2.2. The information and data collected and volunteered are used by us to serve you, to improve our Services, to improve the functionality of our Services, and to better understand those who purchase and use or Services. We do not sell or share personally identifiable information to other organizations for commercial purposes, except to provide Services that you have requested, when we have your permission, or in a few limited circumstances including but not limited to the following:
2.2.1. When it is necessary to share information in order to investigate, prevent, or take action regarding illegal activities, suspected fraud, situation involving potential threats to the physical safety of any person, violations of the intended use of our Services, or if otherwise required by law.
2.3. Additionally, we may collect information that is personally non-identifiable as you. Such information or data may include volunteered information that is demographic or geographic. Other types of information may be collected passively using various technologies that cannot presently be used to specifically identify you. Such information includes IP addresses, domain names, and other anonymous statistical data involving your use of our Services. We may aggregate information and data we collect to assist us in better understanding our clients and their needs. Again, no personal data is available or used in this process.
2.5. We protect all information and data we handle by using commercially reasonable physical and electronic measures as well as established security procedures. Because no security measures are infallible, we ask that you report to us any security violations that you discover.
3. Acceptable Use of Services [Go to TOP]
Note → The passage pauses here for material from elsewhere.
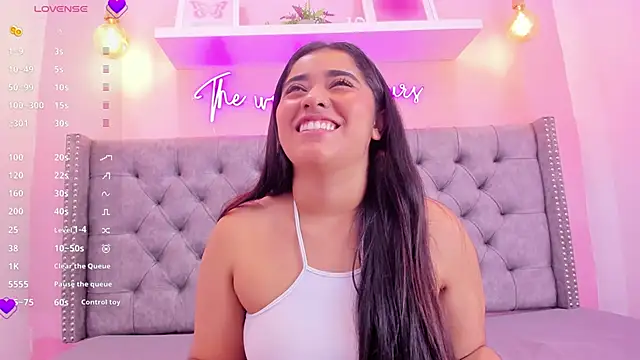 Sophiia 77 online show from December 19, 10:34 pm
3.1. It is the responsibility of our users to create, maintain and police the content of their websites, including obeying all local, regional and national laws. Websites found in violation of any laws and in violation of section 3.2 below, may be removed from your Services at any time without notice or refund. If you have questions about the acceptable use of your Services, please contact us through email at firstname.lastname@example.org to inquire. We cannot be held liable or accountable for content on user’s websites.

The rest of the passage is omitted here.